1964 год оказался из всех десяти лет освоения целинных земель самым благоприятным, самым урожайным. После “голодного” 1963 года я просто рвался на целину. Беру “голодный” в кавычки, никакого голода у нас не было, мы собрали достаточное количество зерна, чтобы прокормиться, а чего недоставало, купили за границей. У нас даже осталось зерно (около 3 миллионов тонн) на следующий год. Его заложили в государственный запас.

…Я никогда не получал столько эмоций, как в тот, мой прощальный год. Последний в моей многолетней деятельности в качестве партийного работника и государственного деятеля. Пшеница стояла стеной, густой щетиной. Замечательный урожай!

…Я ехал в открытой машине и глядел поверху стоящей пшеницы. Когда ветерок дунет, волны переливаются, колышутся стебли. Так волнуется пшеничное море. Мне рассказывали, что если на пшенице при таком ветерке разостлать простыню, то она поплывет по верхушкам колосьев, как по волнам. И сейчас, когда я возвращаюсь к прошлому, меня радуют и волнуют приятные воспоминания того времени.

…Затем я пересел в поезд, с тем чтобы передвигаться на короткие дистанции по железной дороге. Мне хотелось осмотреть разные районы, самому убедиться, побеседовать с людьми, с работниками совхозов. Колхозы в это время там стали очень редким явлением, созданные в начале освоения земель, они были преобразованы в совхозы. Повсюду хлеб, хлеб, хлеб. Куда ни приедешь, работают комбайны, люди в поту, с приятной усталостью, с улыбкой.

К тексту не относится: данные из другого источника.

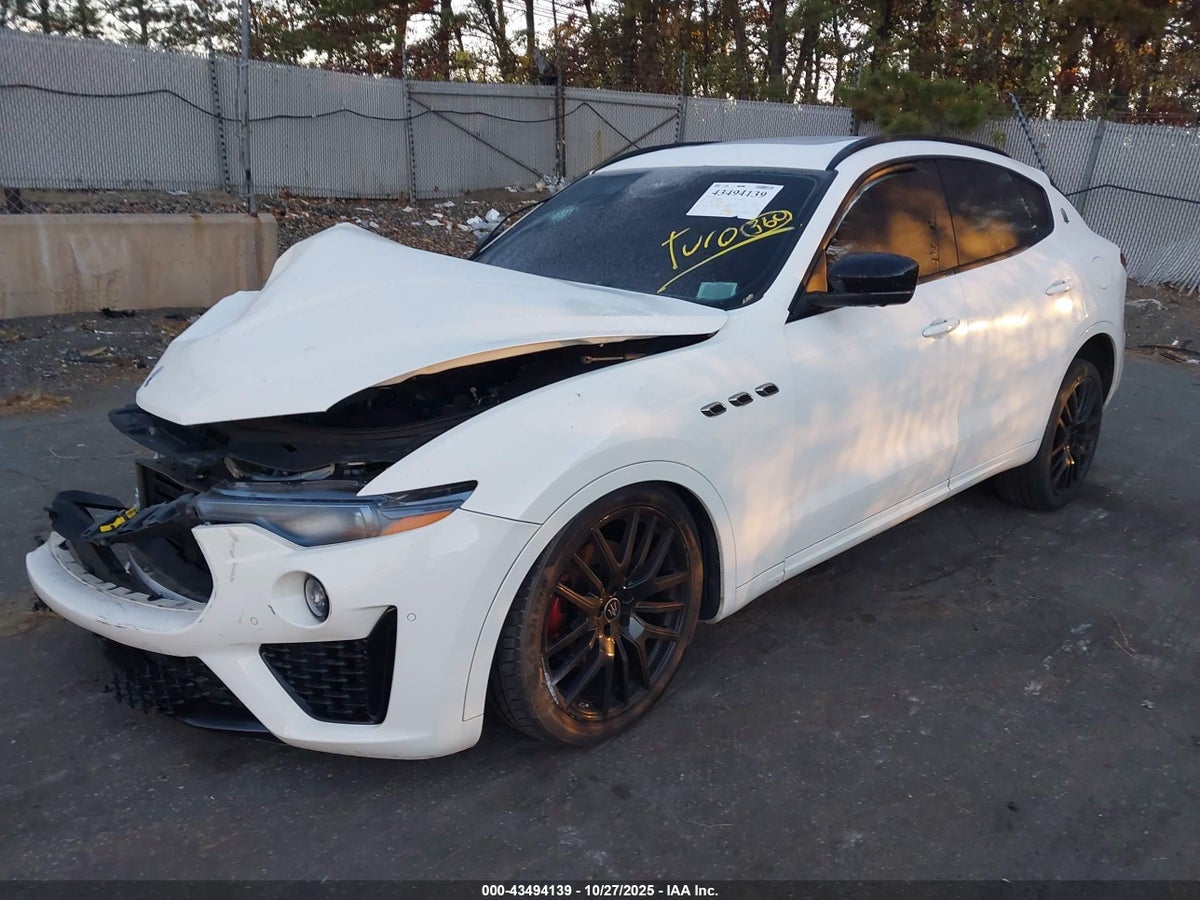 2021 MASERATI LEVANTE — снимка 2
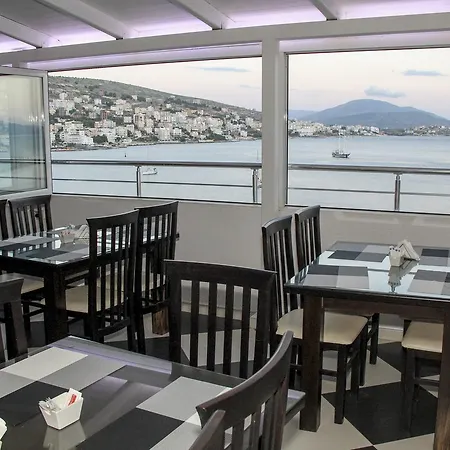 Hotel Republika Sarandë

…К 1964 году на целине мы приобрели опыт выращивания разных культур. Казахи с давних времен умели сеять просо и получали высокие урожаи. При мне на целине просо тоже производили, но на небольших площадях. Научились сеять горох, гречиху, сахарную свеклу и получали неплохие урожаи. Я уж не говорю о ячмене и овсе. Вообще же на целине предпочитали сеять пшеницу и горох как самые ценные в тех условиях культуры. К тому же горох имеет короткий период созревания и, как все бобовые, удобряет почву: в своей корневой системе — клубеньках, накапливает азотистые вещества. Затем научились закладывать на целине сады и лесозащитные полосы, набрались опыта посева льна-кудряша, его стебель идет не на волокно, а из семян получают масло. Провели опыт посева кукурузы на силос, что открывало возможность широкого развития молочного и мясного животноводства. Наступило время вести земледелие на целине широким фронтом, не ограничиваясь монокультурой, повышая доходность сельского хозяйства. Перспектива представлялась мне хорошей, она подтверждала надежды, которые мы питали, приступая к освоению целины. Ее районы обещали стать со временем обжитыми и экономически выгодными.

…На первых порах на целине строили самые примитивные дома, глинобитные, саманные. Потом пошли в ход сборно-щитовые домики, так называемые финские. В 1964 году я заезжал в поселки, которые выглядели уже нарядно и приветливо. Спланировали их неплохо, в палисадниках росли деревца, создавалось хорошее впечатление и вызывалось чувство уюта. Я даже видел плодоносящие сады.

…Туда приехало много украинцев. А украинцы, куда бы их ни забросила судьба, обязательно посадят яблоню, грушу, а перед окном — мальвы. Без этого они не могут. Кое у кого уже появились детишки. Одним словом, земля оживилась. Распахивалась степь, складывались семьи, уже появилось потомство, люди начали врастать в эту землю. Мне было очень приятно.

…Сейчас (в конце 1960-х годов, когда диктовались эти строки. — С. Х.) целина стала другой — более совершенная техника, другие кадры, другие условия жизни. Выросла культура людей и культура обслуживания, появились больницы и детские учреждения. Построили колхозные и совхозные клубы. А тогда мы экономили, даже не экономили, а просто зажимали средства. Некоторые могут сказать, что Хрущев недооценивал быт. Нет. Я думал об этом, но прежде требовалось накормить людей, а потом уже изыскивать средства на строительство учреждений, необходимых для культурной жизни человека.